A surprising discovery has rewritten how cats become house pets, while unexpected and rapid evolution is making red foxes more like dogs. In short: an animal’s path to domestication is very complicated.
From wild animals to domestic pets, an evolutionary view of domestication is helping us understand how man’s best friends made their way into our homes.
As the wild beasts lurking in our backyards learn to become tame, will people open their doors to wild foxes like they once did with dogs? And while domestic cats are one of the most popular pets around the world, are they even fully domesticated?
From why our own behavior can drastically alter the future of wild animals to how cats made a choice to coexist with humans, the latest scientific findings reveal how our favorite animals became family — and the future wild creatures that could make their way to your living room.
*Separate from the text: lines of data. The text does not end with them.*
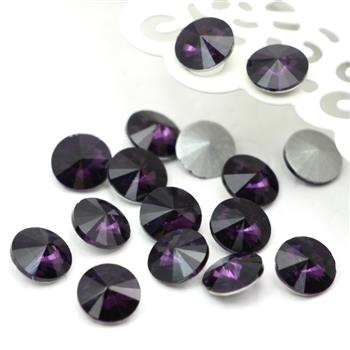 Kaboszon szklany moneta stożkowa faset purple velvet 10mm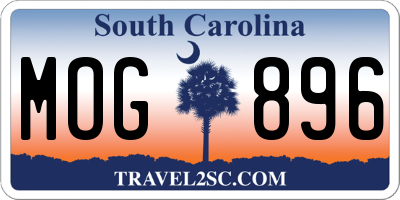 SC license plate MOG896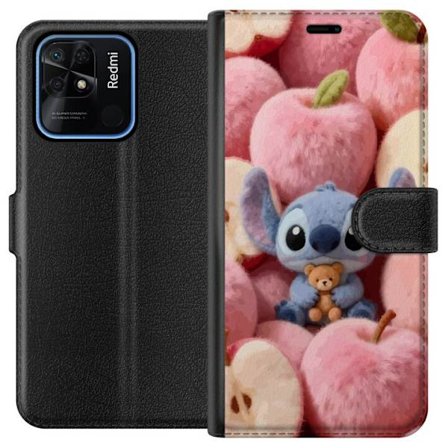 Yhteensopiva Lompakkokotelo Xiaomi Redmi 10C Stitch vaaleanpunaisten pörröisten omenoiden joukossa, joissa on teddy ja söpö kawaii-esteettisyys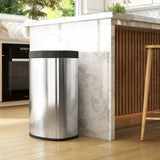 HOMCOM 55L Automatic Sensor Bin with Soft-Close Lid – Touchless Fingerprint-Resistant Kitchen Bin, Stainless Steel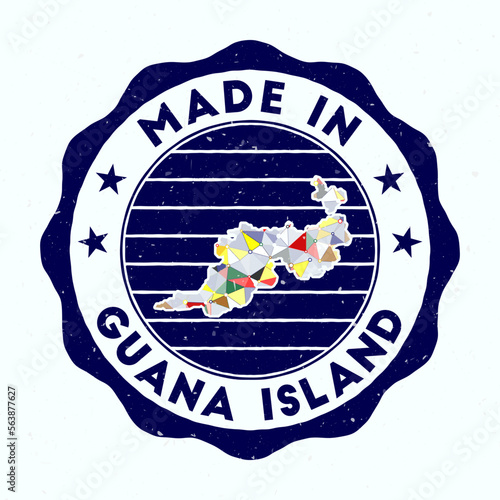 Made in Guana Island. Island round stamp. Seal of Guana Island with a border shape. Vintage badge with circular text and stars. Vector illustration.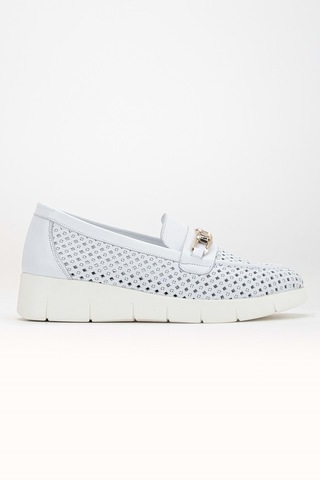 Analin Shoes Kadın Hakiki Deri Günlük Lazerli Tokalı Rahat Ayakkabı Beyaz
In this episode of The Abstract, we discuss how an evolutionary view of domestication is helping us understand our favorite house pets.
Our first story is about a study on urban foxes that offers new clues about animal domestication. After spending vast amounts of time with humans, city-dwelling red foxes in London are starting to become more like house pets than wild animals.
Our second story is about how cats originally came to be domesticated. With new research suggesting when the relationship between humans and ancient cats began, the history of your house pet is being rewritten.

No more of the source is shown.